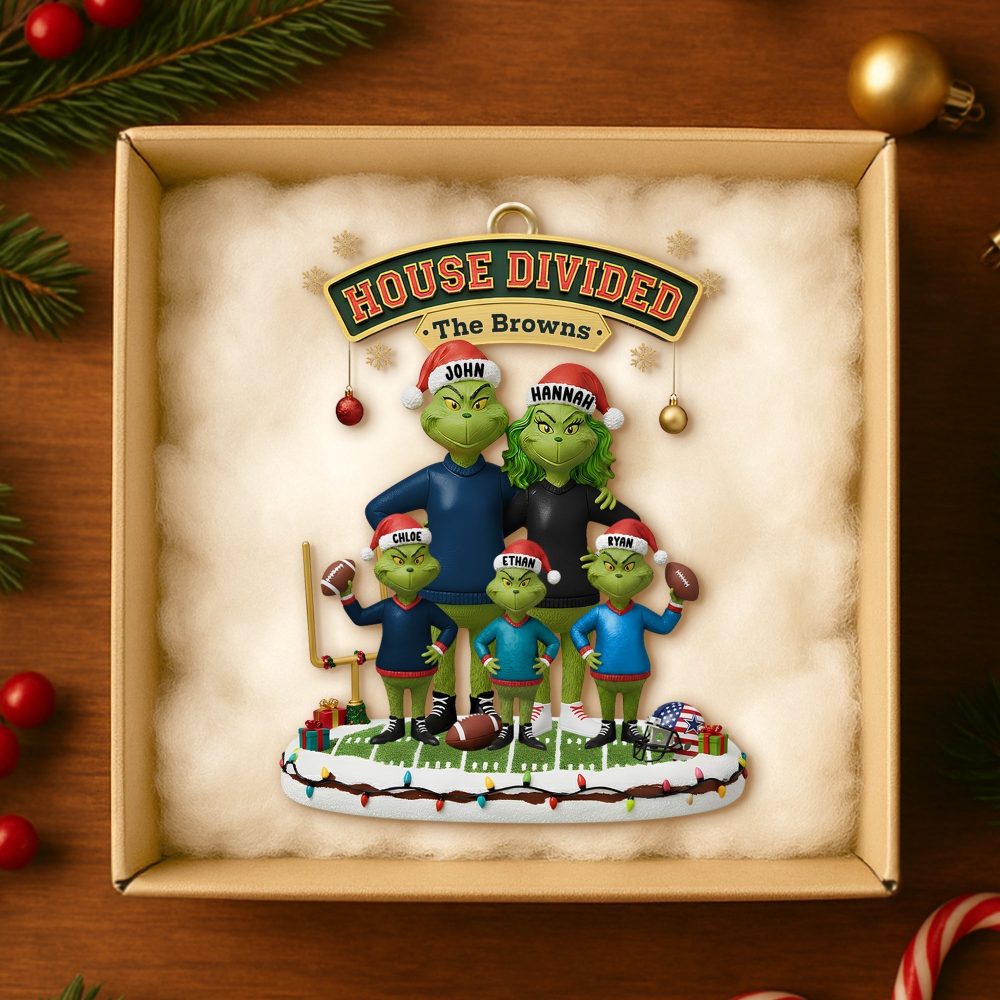 House Divided Family Christmas Ornament - Personalized Gift For Football Fans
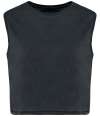 NS342 Native Spirit Ladies Cropped Tank Top Washed Coal Grey colour image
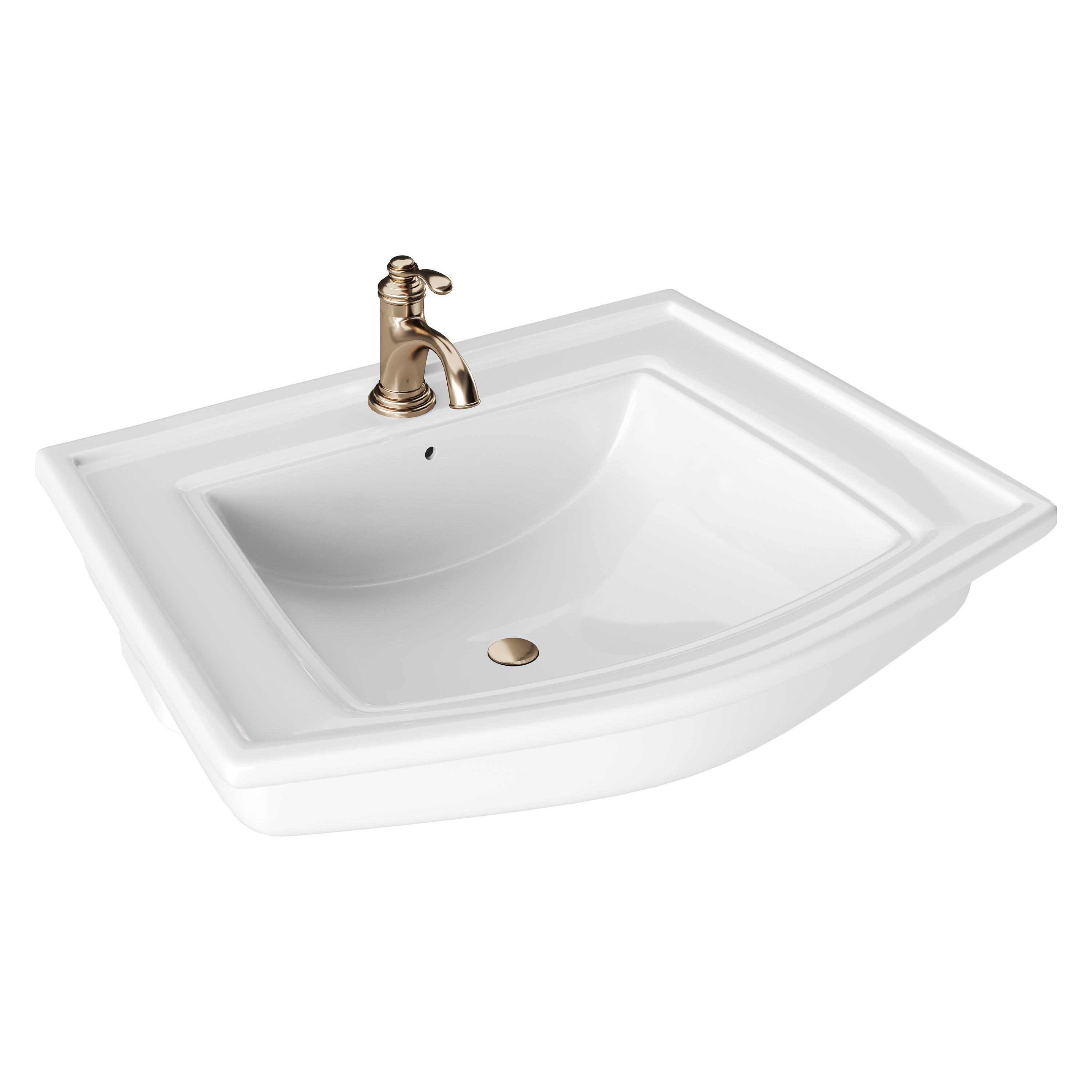 Florence Wall Mount Bathroom Vessel Sink 3D model_4
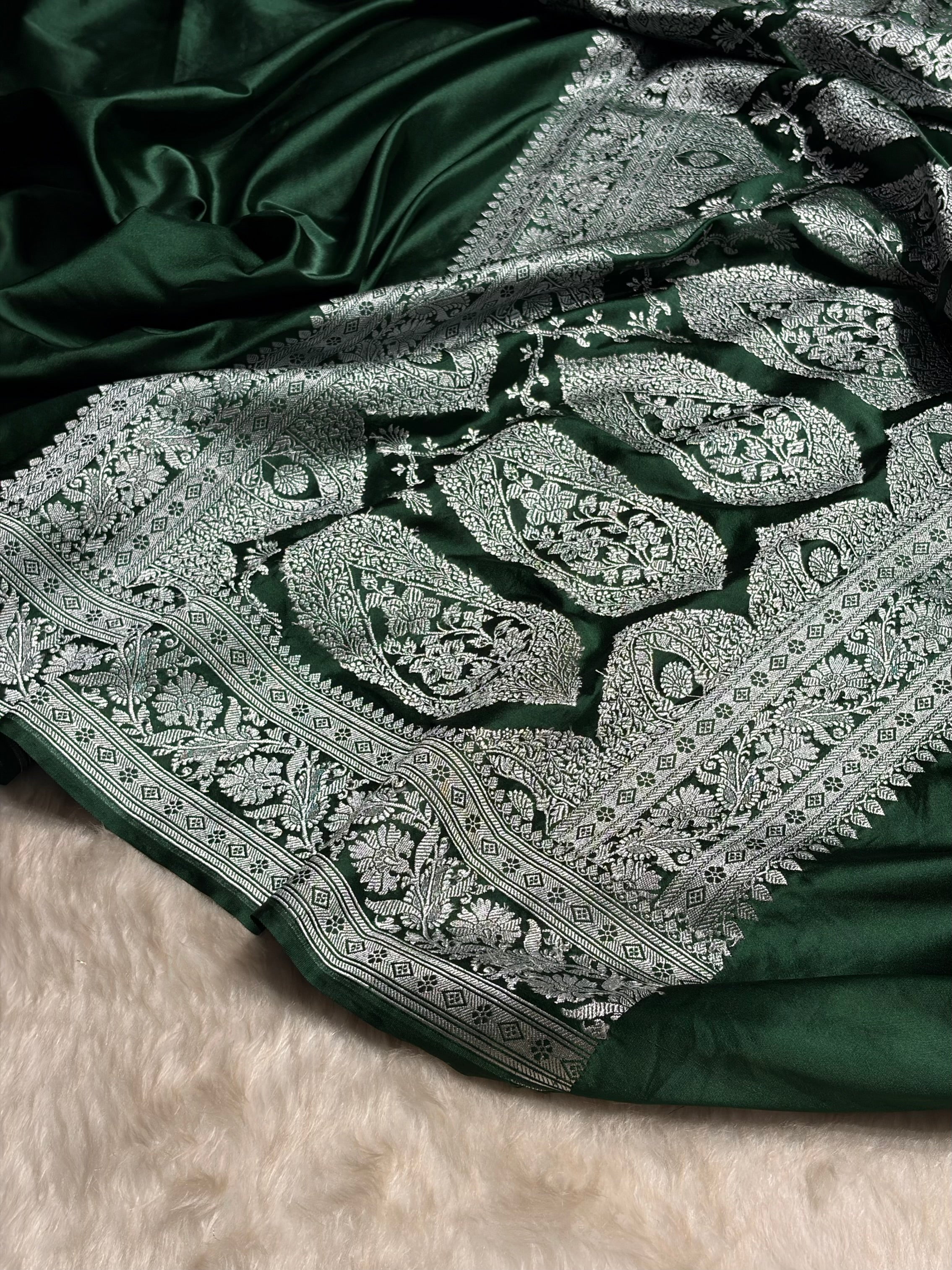 Dark Bottle Green Plain Mashru Silk Saree MS22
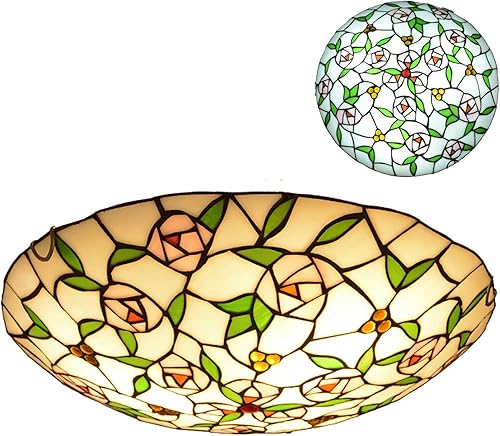 Miniatura 1 de BAJEKO Lámpara de techo Tiffany regulable de 12 pulgadas 2 luces estilo pastoral hojas verdes flores rosas vitrales para cocina isla pasillo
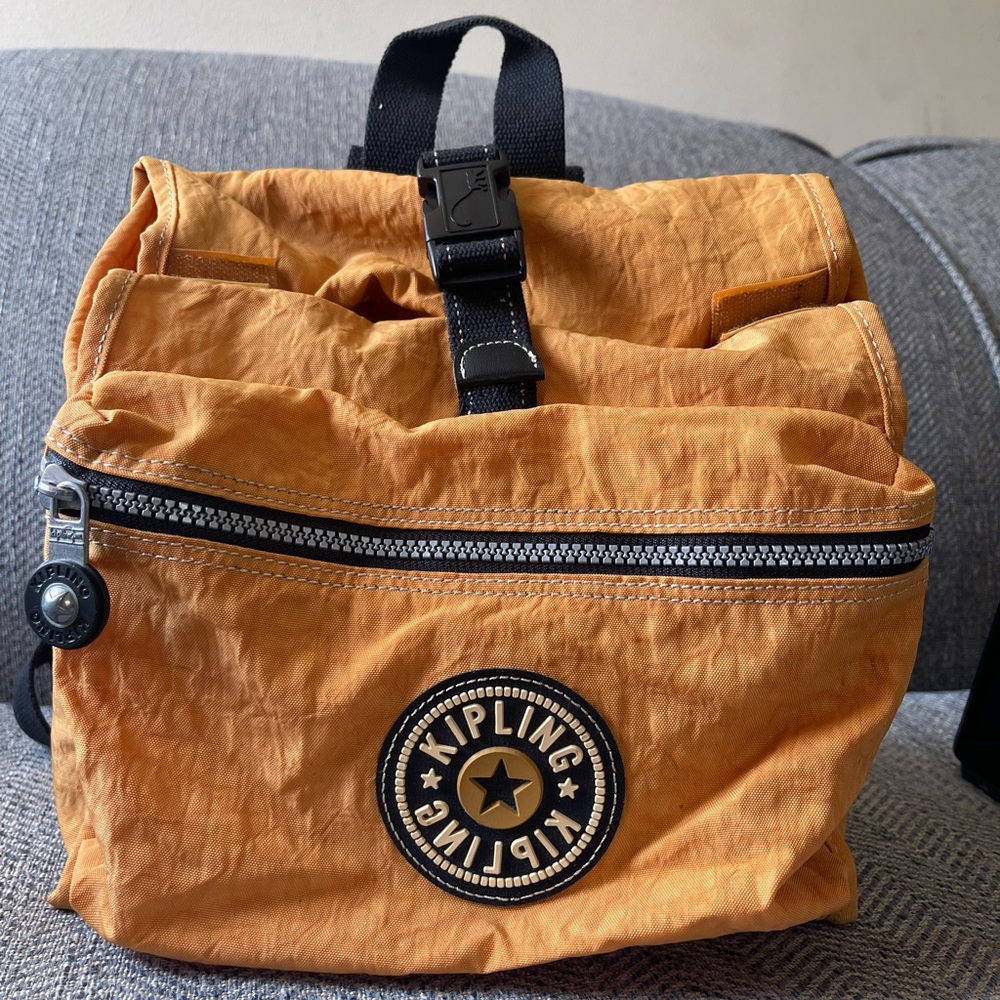 Kipling Mochilas Roja Orange Nylon Backpack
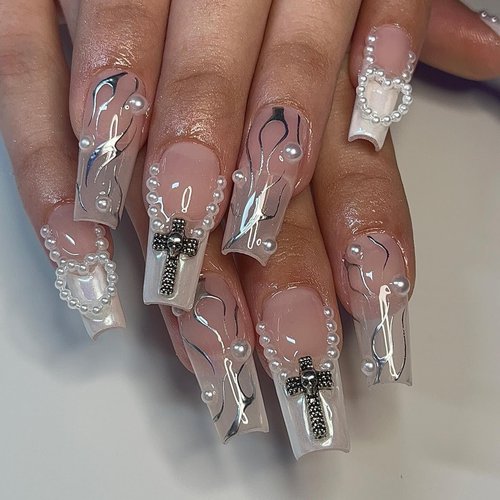 IMSOHOT Coffin Press on Nails Medium French Tips Fake Nails Clear Glossy False Nails with Metal Skull & Cross Designs Silver Flame Ballerina Acrylic Nails Glue on Nails for Women 24Pcs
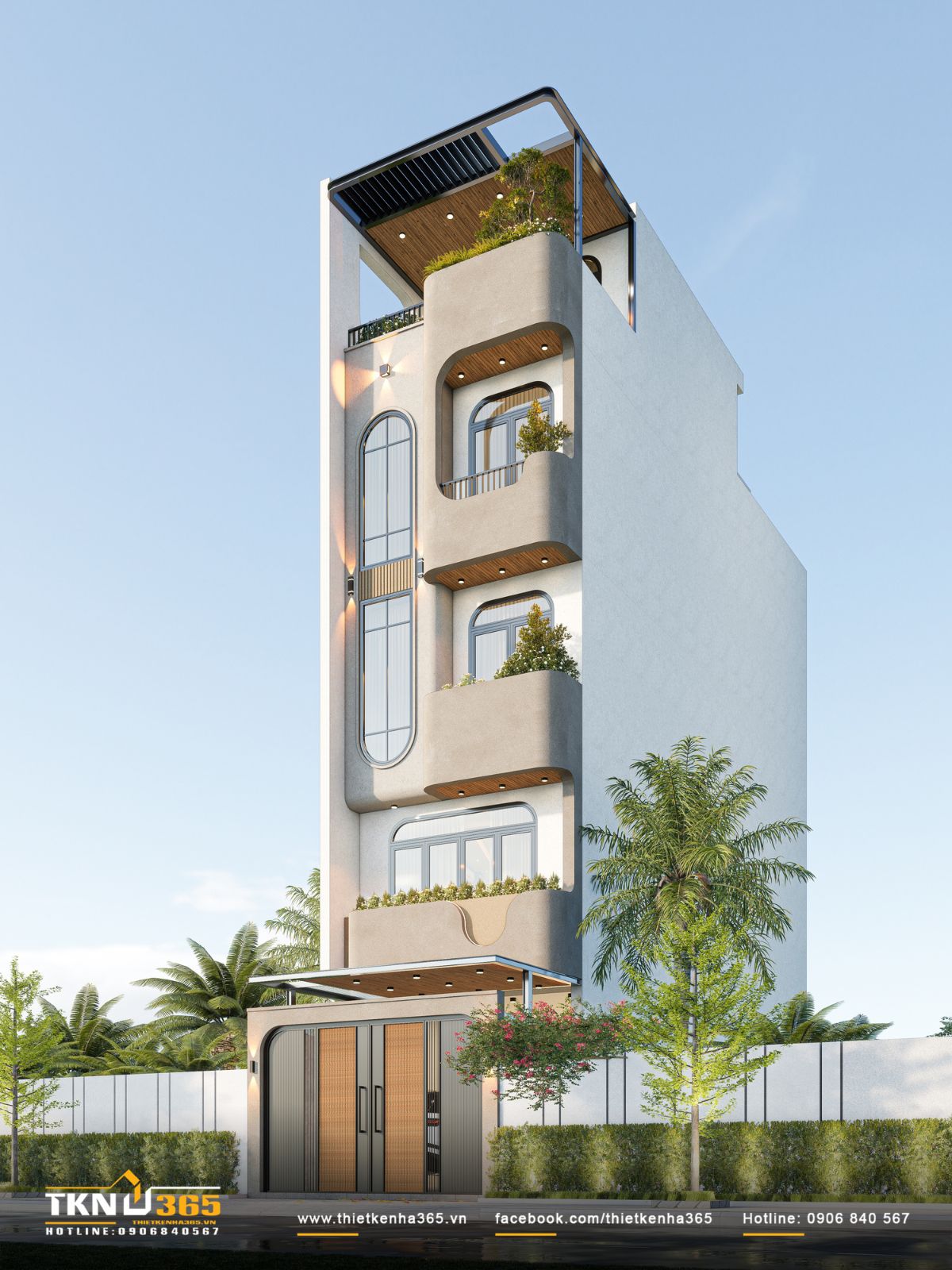 Hệ ban công lệch tầng kết hợp cây xanh giúp nhà phố 5 tầng tăng độ mở và cải thiện vi khí hậu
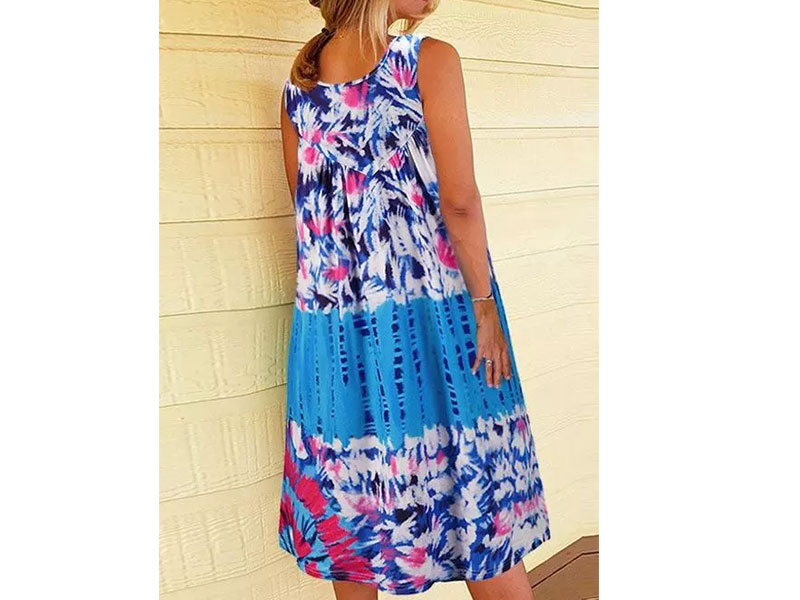 Tie Dye Floral Ruffled Sleeveless O-Neck Casual Dress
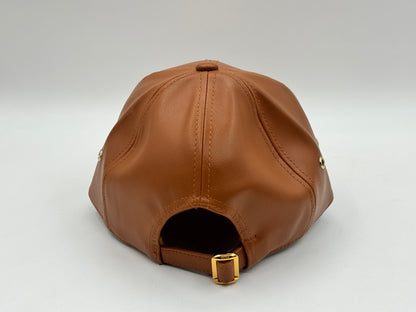 Premium Leather Strap Cap – Brown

----------------

### DIRECTIONS FOR THIS TASK
Give back, unaltered, each line of the listing from the first to the line that contains "Kipling Mochilas Roja Orange Nylon Backpack", leaving every picture out.

### TASK OUTPUT
 House Divided Family Christmas Ornament - Personalized Gift For Football Fans
 NS342 Native Spirit Ladies Cropped Tank Top Washed Coal Grey colour image
 Florence Wall Mount Bathroom Vessel Sink 3D model_4
 Dark Bottle Green Plain Mashru Silk Saree MS22
 Miniatura 1 de BAJEKO Lámpara de techo Tiffany regulable de 12 pulgadas 2 luces estilo pastoral hojas verdes flores rosas vitrales para cocina isla pasillo
 Kipling Mochilas Roja Orange Nylon Backpack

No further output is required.